The base SQS model is rather simple, you create queues and you push and pull messages from them. The actual advantages come from the fact that you don’t have to manage the queuing servers yourself (if you ever had to build an HA Redis cluster for Resque workers you know the pain already) and you can have as many producers and consumers as you would like to, there’s no limit on how many messages a queue can hold and how many requests you can make to the SQS servers, so most of the scaling pain you could have setting up a pool of background workers is gone already.

To follow through these examples you have to create an AWS account and setup your AWS keys as environment variables. Check the Ruby’s AWS SDK project for docs on the many ways you can configure your keys.

Creating queues and sending messages

Creating queues and sending messages is dead simple:

sqs = AWS::SQS.new
queue = sqs.queues.create(queue_name, visibility_timeout: 90, maximum_message_size: 262144)
queue.send_message({ file_id: "some-file-id" }.to_json)

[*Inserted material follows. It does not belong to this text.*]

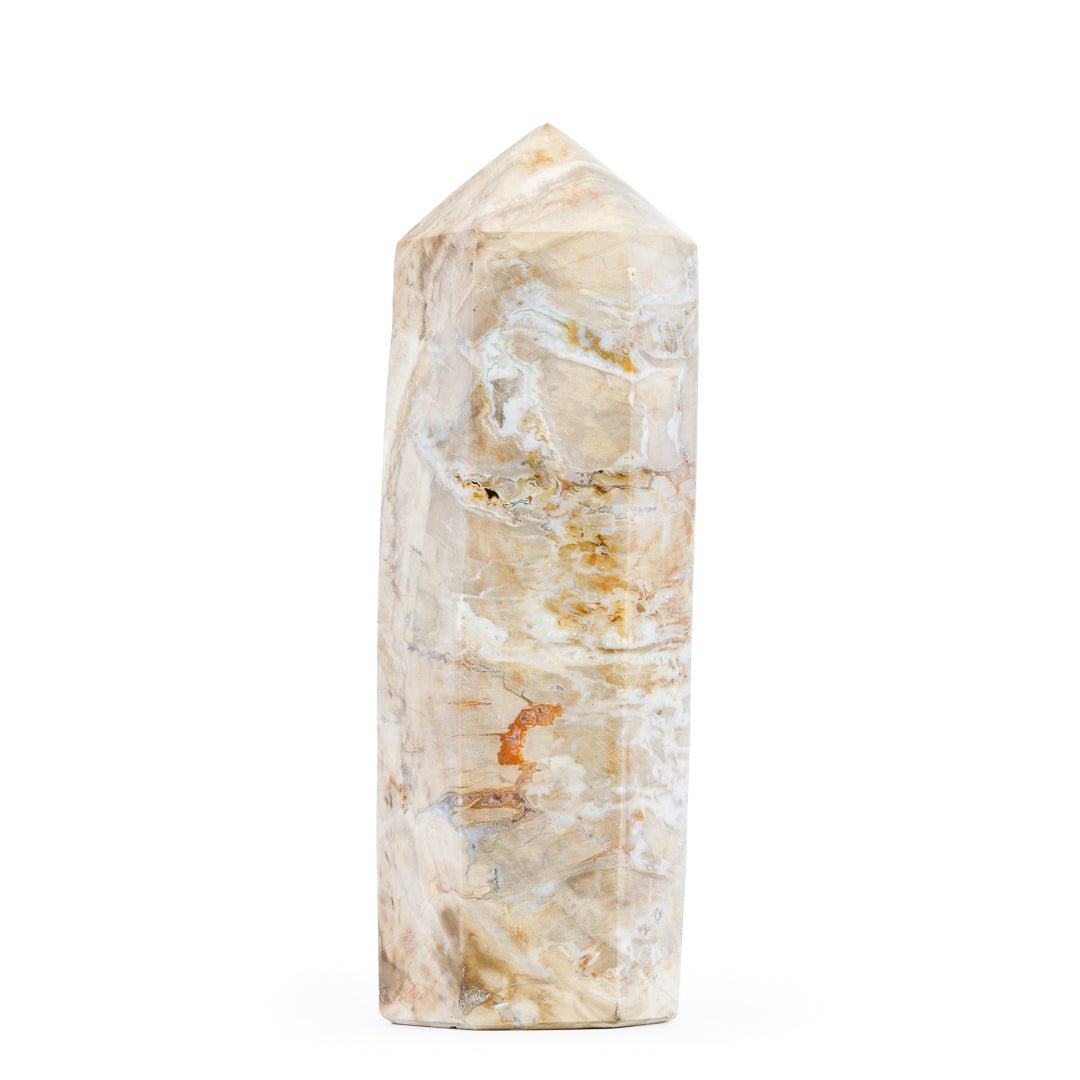 Petrified Wood 8.5 Inch 3.96lb Polished Crystal Tower - Madagascar - KKH-173 - Crystalarium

Here we get the SQS client, access the queues collection and create a queue. With the queue in hand, we send a message in JSON, but you could use pretty much any text format for your messages, we could be sending YAML messages here and it wouldn’t make any difference for the service, only for your code that handles the messaging.

When you create a queue you can also configure it with some options, one is the maximum_message_size that defines how many bytes your messages could have. The default value is 64k but you can go up to 256k (the value has to be provided in bytes), if your message goes over this limit SQS will reject it with an error so make sure your messages don’t go over the limit you have defined.

Another common parameter is the visibility_timeout that defines how long a message stays invisible to other consumers until it becomes visible again. In SQS we have two types of messages, the available and the in flight ones. Messages that are available are the ones that can be picked up by consumers polling messages from the queue. Messages that are in flight are the ones that have been picked up by one of the consumers but have not been deleted yet. Messages stay in flight until the client that picked them up deletes it or the visibility_timeout has passed.

When configuring the visibility_timeout you should think how long you expect your background workers to take to process the message, the value you set for this field should be considerably longer than the time your workers take to process to make sure this message does not become visible again before your worker can finish processing it. This value is defined in seconds and defaults to 60 seconds.

If the queue is already created, you can pick it up by it’s name with:

sqs = AWS::SQS.new
queue = sqs.queues.named(queue_name)
queue.send_message({ file_id: "some-file-id" }.to_json)

If there is no queue by the name you provided, an AWS::SQS::Errors::NonExistentQueue error is thrown so make sure you catch this error and create the queue if there isn’t an external service creating it for you.

A better way to setup your queues is to use a cloud formation template to create them. This way your apps can focus only on pushing and polling messages instead of having to hold knowledge about how your queues are configured.

Receiving messages from the queue

Building the message receiving part of the process is simple as well, here’s an example:

sqs = AWS::SQS.new

queue = sqs.queues.named(queue_name)
queue.send_message({ file_id: "some-file-id" }.to_json)

received_message = queue.receive_message(wait_time_seconds: 20)
message = JSON.parse(received_message.body)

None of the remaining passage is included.